On foreign policy, Biden has moved to re-establish a more traditional, alliance-based approach to the world. In Europe, he has re-engaged with NATO and halted the Trump-initiated withdrawal of US troops from Germany, declaring that “America is back, the trans-Atlantic alliance is back”.
On China, Biden has shown no sign of retreating from the tough policies of the Trump administration. He has refused calls to remove Trump’s tariffs and has rebuked Beijing publicly for its unfair trade practices.
“We have to push back against the Chinese government’s economic abuses and coercion that undercut the foundations of the international economic system. Everyone, everyone must play by the same rules,” he says.
Biden has taken a tougher stance towards Russia than Trump did, accusing Moscow of attacking American democracy and “weaponising corruption to undermine our system of governance”. He has imposed sanctions on Russia over its jailing of activist Alexei Navalny.

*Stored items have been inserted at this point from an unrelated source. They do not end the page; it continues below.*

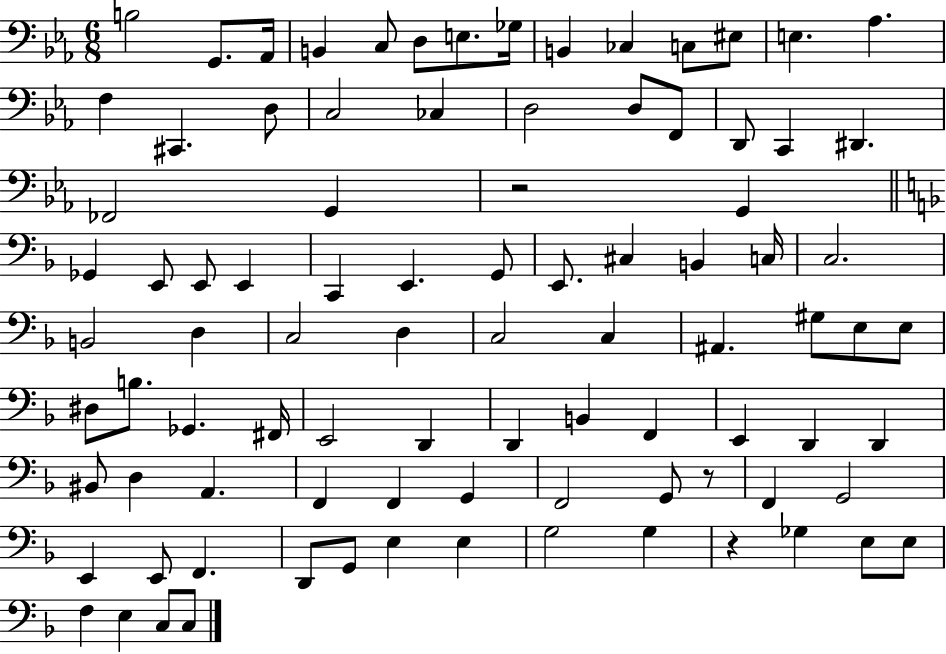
B3/h G2/e. Ab2/s B2/q C3/e D3/e E3/e. Gb3/s B2/q CES3/q C3/e EIS3/e E3/q. Ab3/q. F3/q C#2/q. D3/e C3/h CES3/q D3/h D3/e F2/e D2/e C2/q D#2/q. FES2/h G2/q R/h G2/q Gb2/q E2/e E2/e E2/q C2/q E2/q. G2/e E2/e. C#3/q B2/q C3/s C3/h. B2/h D3/q C3/h D3/q C3/h C3/q A#2/q. G#3/e E3/e E3/e D#3/e B3/e. Gb2/q. F#2/s E2/h D2/q D2/q B2/q F2/q E2/q D2/q D2/q BIS2/e D3/q A2/q. F2/q F2/q G2/q F2/h G2/e R/e F2/q G2/h E2/q E2/e F2/q. D2/e G2/e E3/q E3/q G3/h G3/q R/q Gb3/q E3/e E3/e F3/q E3/q C3/e C3/e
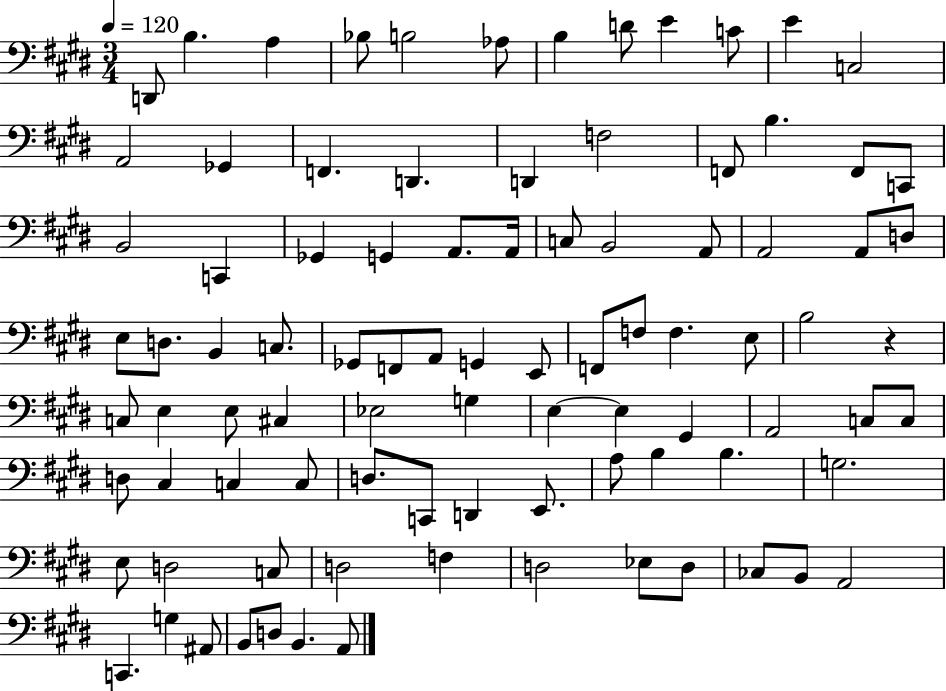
X:1
T:Untitled
M:3/4
L:1/4
K:E
D,,/2 B, A, _B,/2 B,2 _A,/2 B, D/2 E C/2 E C,2 A,,2 _G,, F,, D,, D,, F,2 F,,/2 B, F,,/2 C,,/2 B,,2 C,, _G,, G,, A,,/2 A,,/4 C,/2 B,,2 A,,/2 A,,2 A,,/2 D,/2 E,/2 D,/2 B,, C,/2 _G,,/2 F,,/2 A,,/2 G,, E,,/2 F,,/2 F,/2 F, E,/2 B,2 z C,/2 E, E,/2 ^C, _E,2 G, E, E, ^G,, A,,2 C,/2 C,/2 D,/2 ^C, C, C,/2 D,/2 C,,/2 D,, E,,/2 A,/2 B, B, G,2 E,/2 D,2 C,/2 D,2 F, D,2 _E,/2 D,/2 _C,/2 B,,/2 A,,2 C,, G, ^A,,/2 B,,/2 D,/2 B,, A,,/2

With Australia, the tone of the relationship with the Biden administration has started well, with the President telling Scott Morrison during their first phone call that he saw the US-Australia alliance as the “anchor of peace and security in the region”.
Biden’s earliest foreign policy challenge will be Iran which is demanding relief from Trump’s economic sanctions as a precondition for starting talks with the US over reviving the 2015 nuclear deal.
So far, Biden has not faced any new crisis in foreign or domestic policy that has severely tested his leadership. However his post-inauguration political honeymoon is already fading. The latest Monmouth poll shows that, since taking office, his approval rating has slipped from 54 per cent to 51 per cent and his disapproval rating has risen from 30 per cent to 42 per cent. Even so, this still makes Biden far more popular than Trump was at any time during his four years in office.
It shows most Americans have welcomed the change in pace, substance and tone that Biden has brought to the White House after the turbulence of the past four years. Biden has made a competent if unspectacular start to his presidency, a far cry from the volcanic debut of his predecessor.
On a personal note, this is my final feature as Washington correspondent. After writing a “Farewell to Washington” piece in January, my family, like many Australians overseas, struggled to find a flight home because of the restrictions on the numbers of incoming passengers. But we have now returned to Australia. To those who have read and variously praised or criticised my dispatches from Trump’s America during the past four years, thank you for reading. What a story it was.